Single by Bring Me the Horizon

from the album Sempiternal
- Released: 6 June 2013
- Genre: Metalcore; symphonic metal;
- Length: 4:02
- Label: Sony; RCA; Epitaph;
- Songwriter(s): Oliver Sykes; Lee Malia; Jordan Fish;
- Producer(s): Terry Date

Bring Me the Horizon singles chronology
| "Sleepwalking" (2013) | "Go to Hell, for Heaven's Sake" (2013) | "Can You Feel My Heart" (2013) |

Music video
- "Go to Hell, for Heaven's Sake" on YouTube

= Go to Hell, for Heaven's Sake =

"Go to Hell, for Heaven's Sake" is a song by British rock band Bring Me the Horizon. Written by vocalist Oliver Sykes, guitarist Lee Malia and keyboardist Jordan Fish, it was produced by Terry Date and featured on the band's 2013 fourth studio album Sempiternal. The song was also released as the third single from the album on 6 June 2013, reaching number 22 on the US Billboard Mainstream Rock chart.

==Promotion and release==
The song was released as the third single from Sempiternal on 7" picture disc on 6 June 2013, backed with a remix of the song produced by Rogue. ClashMusic.com praised the remix as "the sort of once-over that'll have bass-heads beaming".
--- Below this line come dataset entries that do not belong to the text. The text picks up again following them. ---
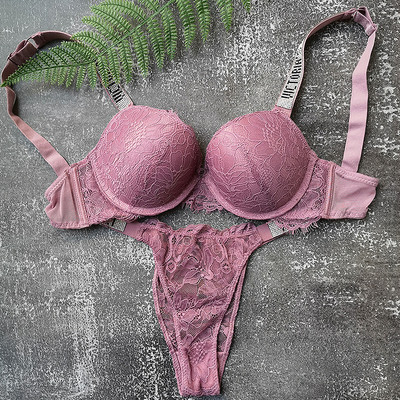 Naujas 2 dalių bikinių rinkinys raidėmis Sexy Bras Kalnų krištolas apatinis trikotažas Moteriški rinkiniai Rožinis Patogus Push Up Didelio dydžio liemenėlės kelnaičių apatinio trikotažo rinkinys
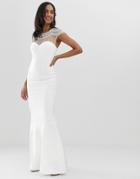 City Goddess Capped Sleeve Fishtail Maxi Dress With Embellished Detail - White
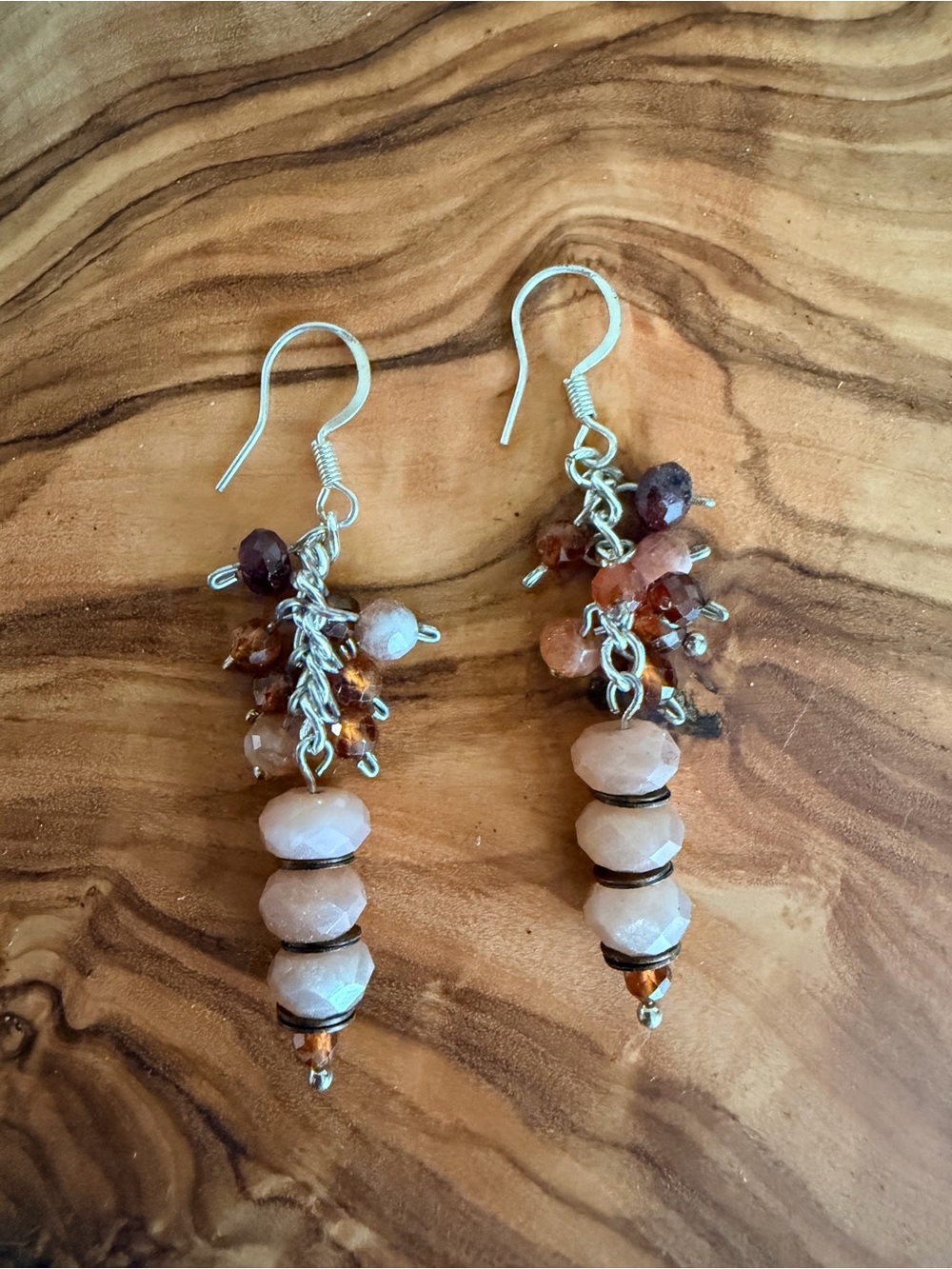 Handmade Artisan Blush Pink Mixed Stone Cluster Dangle Earrings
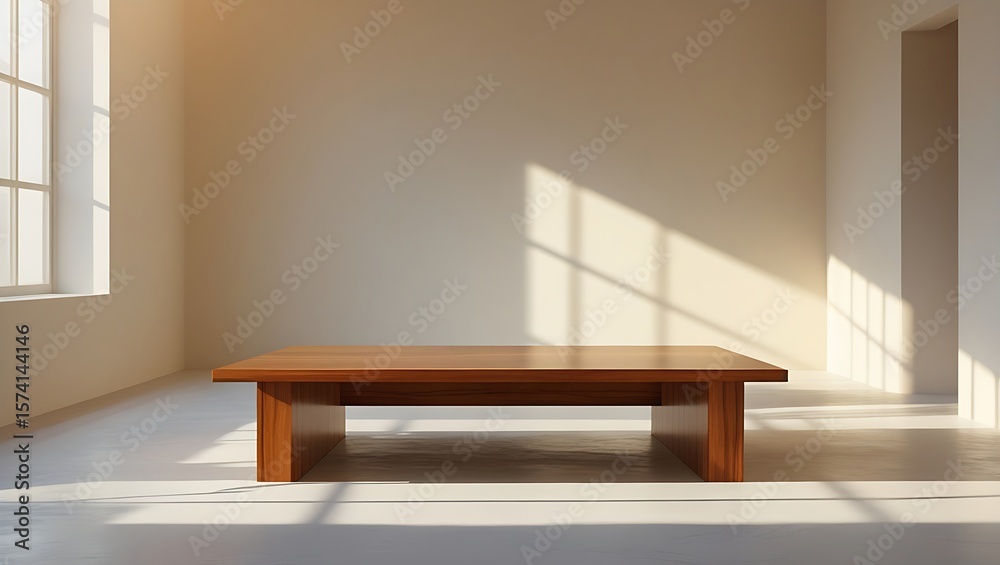 Fototapeta premium A wooden table sits in a bright room with sunlight streaming through the window casting shadows on the floor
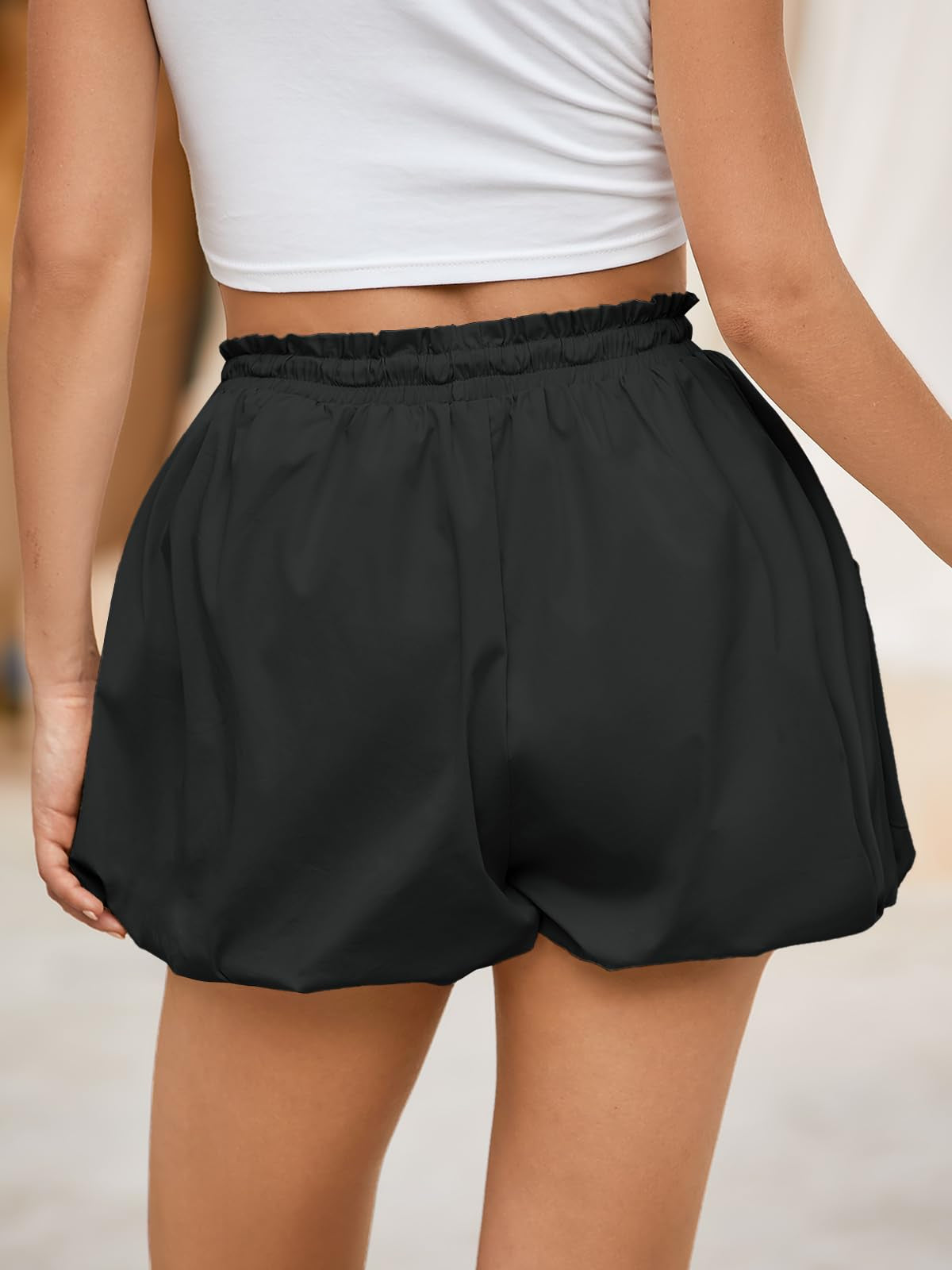 Fisoew Womens Summer Bubble Shorts Casual High Waisted Workout Puffy Shorts With Pockets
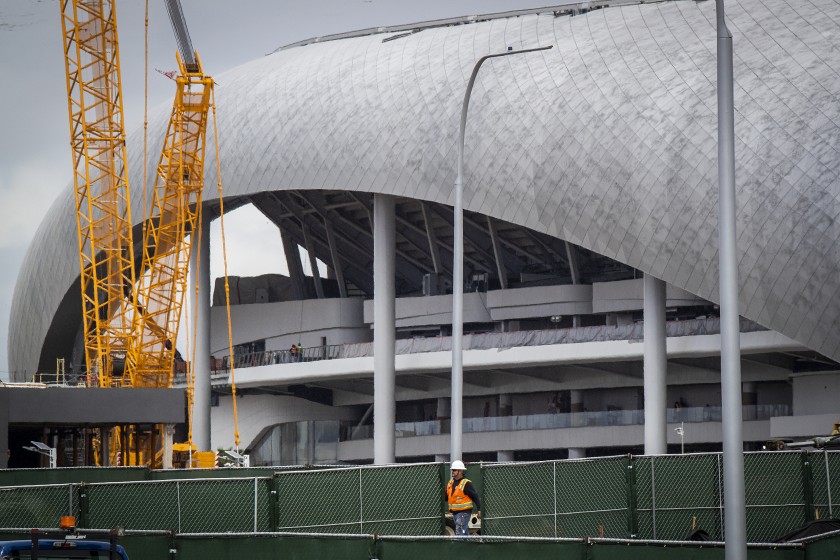 A second construction worker has died at the SoFi Stadium site in Inglewood.(Allen J. Schaben / Los Angeles Times)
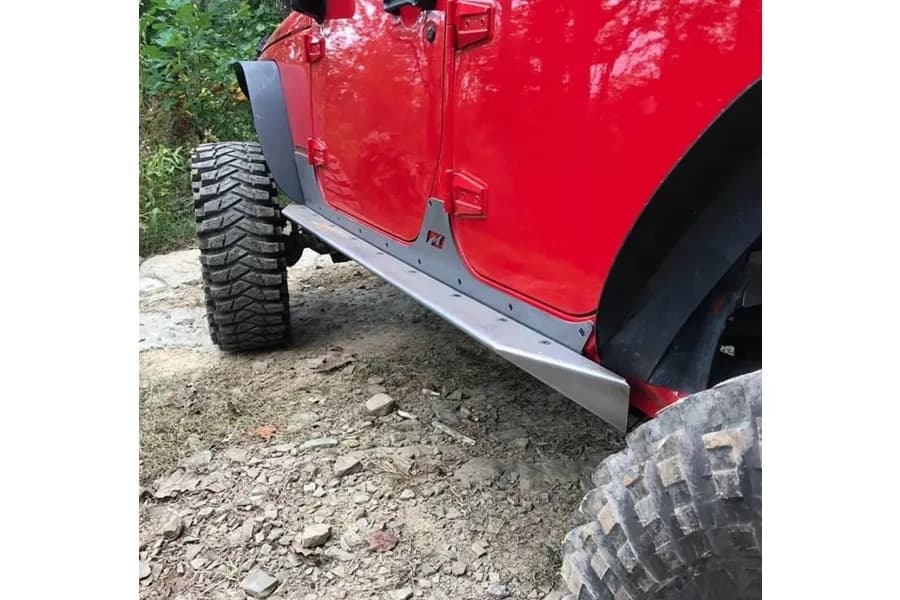 Motobilt Crusher Series Rocker Guards w/ Step - Bare Steel - JK 4Dr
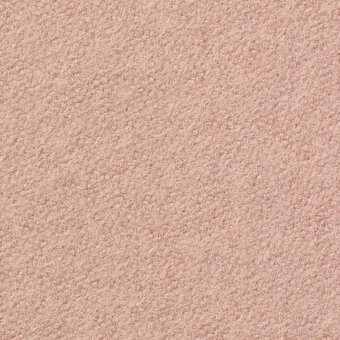 Blush pink textile sample with short pile, woven texture, and subtle mottled effect; features faint diagonal imprinted text reading “horm > vescom lani”.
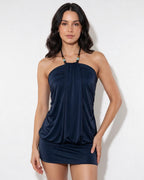 Loovay Malvienne Halter Mini-jurk met Kralendetails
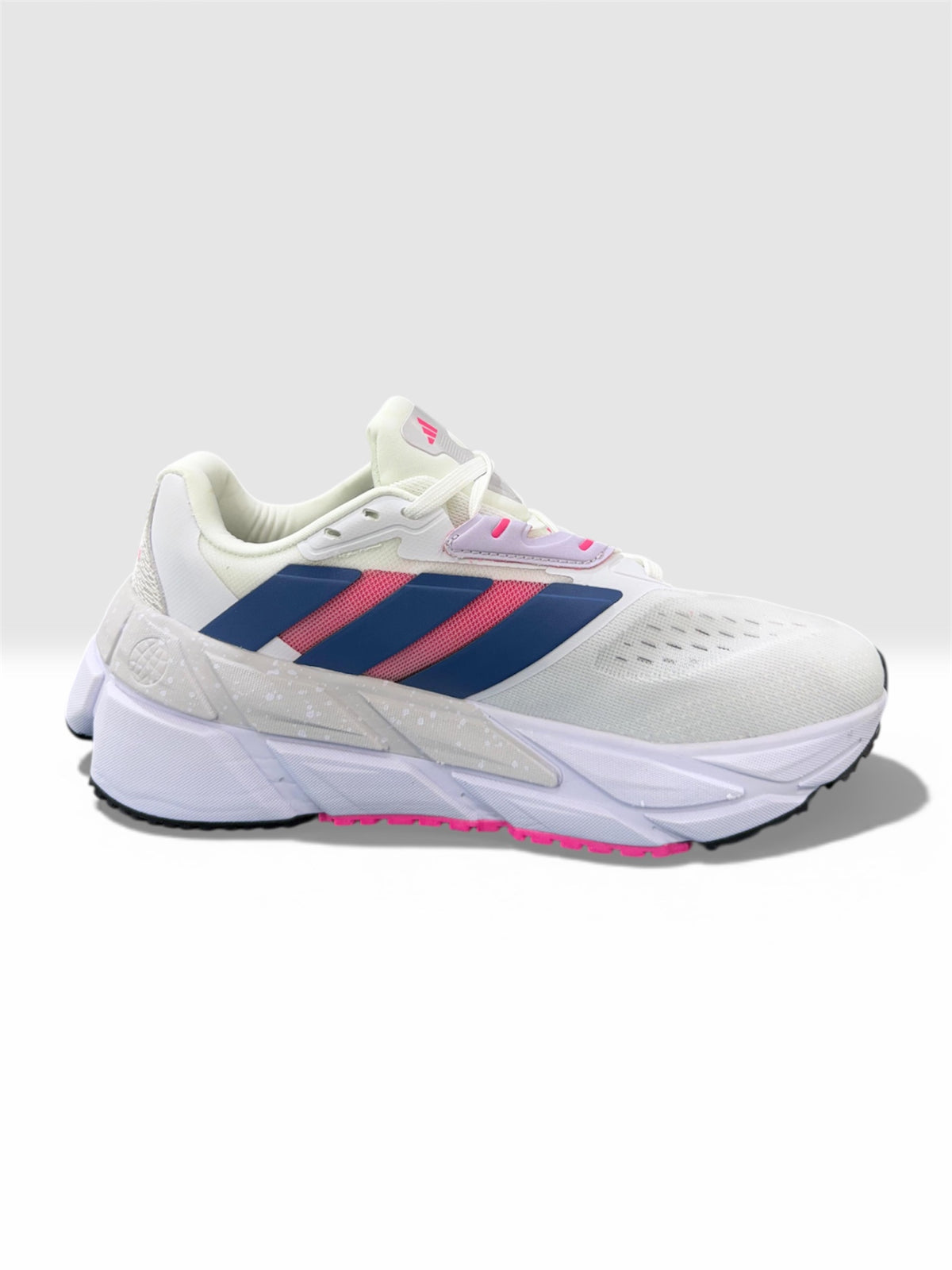 Adidas Adistar 20 Cloud White with Altered Blue Stripes and Lucid Fuchsia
In addition to Sempiternal, "Go to Hell, for Heaven's Sake" was also featured on the band's debut live video album, 2015's Live at Wembley, as well as their second, 2016's Live at the Royal Albert Hall.

==Composition and lyrics==
The writing and recording process for "Go to Hell, for Heaven's Sake" was slightly different to the normal approach adopted by Bring Me the Horizon - speaking to Sugarscape.com, bassist Matt Kean recalled that "for this one, instead of going into a room to jam and play the songs we would pre-record riffs or keyboard parts ... then if there was a good part we'd record it on the computer directly". Speaking about the song to Metal Hammer in a track-by-track commentary of Sempiternal, vocalist Oliver Sykes proclaimed that the band "were after a faster, more fun song to pick up the pace", calling it "probably the funnest track on the CD".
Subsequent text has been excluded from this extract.